Participants: Manuel Trucco, Under Secretary for Foreign Affairs, Chile
Walter Muller, Chilean Representative, IMC
Mario Rodríguez, Minister Counselor, Embassy of Chile
Mr. Miller, Assistant Secretary of State
Mr. Willis Armstrong, OMP
Mr. Edmund Getzin, OMP
Mr. Barall, OSA

Señor Trucco stated that the purpose of his visit was to explain in advance, to the United States, the position Chile would take in the Copper, Lead and Zinc Committee of the IMC. He then handed Mr. Miller a copy of the paper1 which Chile had sent to the Chairman of the Committee and which presented the Chilean point of view as follows:

Copper is of greater importance to Chile than to other countries since it is her principal means for making international payments, providing 65 percent of the total value of exports and being almost the sole source of dollars.
In the last World War Chile lost tremendous revenue because it consented to fixed prices for copper.
Despite this, Chile has already agreed to “freeze” 80 percent of her copper, which is shipped to the United States at low price.
The 20 percent reserved for Chile is the only means available to the country to pay for imports whose price has been going up very rapidly.
Under the proposed allocation the ceiling assigned to some of the nations to whom Chile now sells copper is much too small and in certain cases there is no quota at all.
Chile reiterates its objection to fixed quotas and prices of some raw materials while other raw materials, machinery, agricultural products, etc., rise in a free market to high levels.

The statement ended by indicating that Chile could not participate in any international allocation of copper which would place in jeopardy her control of 20 percent of the production of the American companies.

Mr. Miller replied that the arguments advanced by Chile with respect to the importance of copper to the Chilean economy were well known to the United States and, indeed, were a paramount consideration in negotiating the copper agreement in the spring of this year. He explained that the United States felt Chile could participate in the proposal for allocation of copper for the fourth quarter of 1951 without losing any of the benefits of the copper agreement.

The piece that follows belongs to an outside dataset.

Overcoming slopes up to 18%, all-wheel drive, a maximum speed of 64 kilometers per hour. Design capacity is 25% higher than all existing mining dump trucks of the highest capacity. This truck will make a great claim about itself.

Mr. Miller and the others on the US side made the following observations:

The allocation was for the fourth quarter only and in no way prejudiced any country’s position as to principles, methods or amounts in succeeding quarters.
There was no obligation on the part of a supplying country to sell to a particular consuming country. Supplying countries would be obligated only to limit shipments to the ceiling established for the recipient country.
The allocation placed no limit on the price which Chile might obtain for her copper. In the event seller and buyer could not agree on price and copper remained unsold the committee would reallocate any unsold portion.
Chile had participated in the negotiation of this allocation for nearly six months and, although the basic principles were well known to the Chilean delegate, at no time had he raised any objection or reservation. This 11th hour change in position was particularly awkward since all countries had appeared to be in agreement and, if allocation for the fourth quarter were to be feasible, arrangements must be completed no later than September 15. Time did not permit a complete renegotiation.
The United States placed great significance on a successful copper allocation because the material was so important to mutual defense and security that success or failure in this material might well determine the possibilities of success of the whole IMC concept.

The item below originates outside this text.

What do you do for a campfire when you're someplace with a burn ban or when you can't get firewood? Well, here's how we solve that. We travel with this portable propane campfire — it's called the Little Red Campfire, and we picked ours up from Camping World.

Mr. Miller emphasized the temporary, experimental, nature of the present proposal and stated his belief that the difficulties which Chile anticipated could be ironed out within the IMC Committee, citing as an example the fact that Argentina had already indicated its intention of going before the Committee to seek a higher quota and that a means could be found to continue Chile’s lucrative sales to Argentina, Brazil and other countries within the allocation framework.

In reply to Mr. Miller’s query on the degree to which Chile had contracted to oversell to Argentina during the fourth quarter, Señor [Page 1287] Muller stated that deliveries to Argentina would exceed 8,000 tons for the fourth quarter, more than four times the ceiling on consumption allowed for that country, and that if Argentina wanted even more copper she could obtain it under the barter system worked out by the two countries, under which Chile obtained necessary meat and foodstuffs essential for the health and well-being of its people. Mr. Armstrong questioned Argentina’s using this copper and quoted from the copper agreement: “The Chilean Government stated its intention that the copper not shipped to the United States will be used by Chile or sold to other friendly countries only for their essential needs”. Señor Muller quickly changed the subject.

After further discussion of all the above, it became apparent that there was no possibility of reconciling the Chilean and US points of view at this time. Trucco even went so far as to argue that the US would render inoperative the copper agreement by urging Chile to give up control of its 20 percent, this despite the sentence contained in the agreement, “It is also understood that the distribution of copper would be subject to any obligation Chile undertakes with respect to international allocation in the International Materials Conference”, which was quoted to show him that international allocations had been provided for in that instrument. The Chilean representatives also argued that, while no price control was indicated in the present proposal, this item was already on the agenda for future discussion and, in any event, an allocation system always strengthened the position of the buyer and in the long run, would make it impossible for Chile to get $1200 a ton for the copper over which it exercised control. Without this extra income from copper, Chile’s economic situation would be extremely bad and she would have no way to defend herself against the constantly rising prices of imports.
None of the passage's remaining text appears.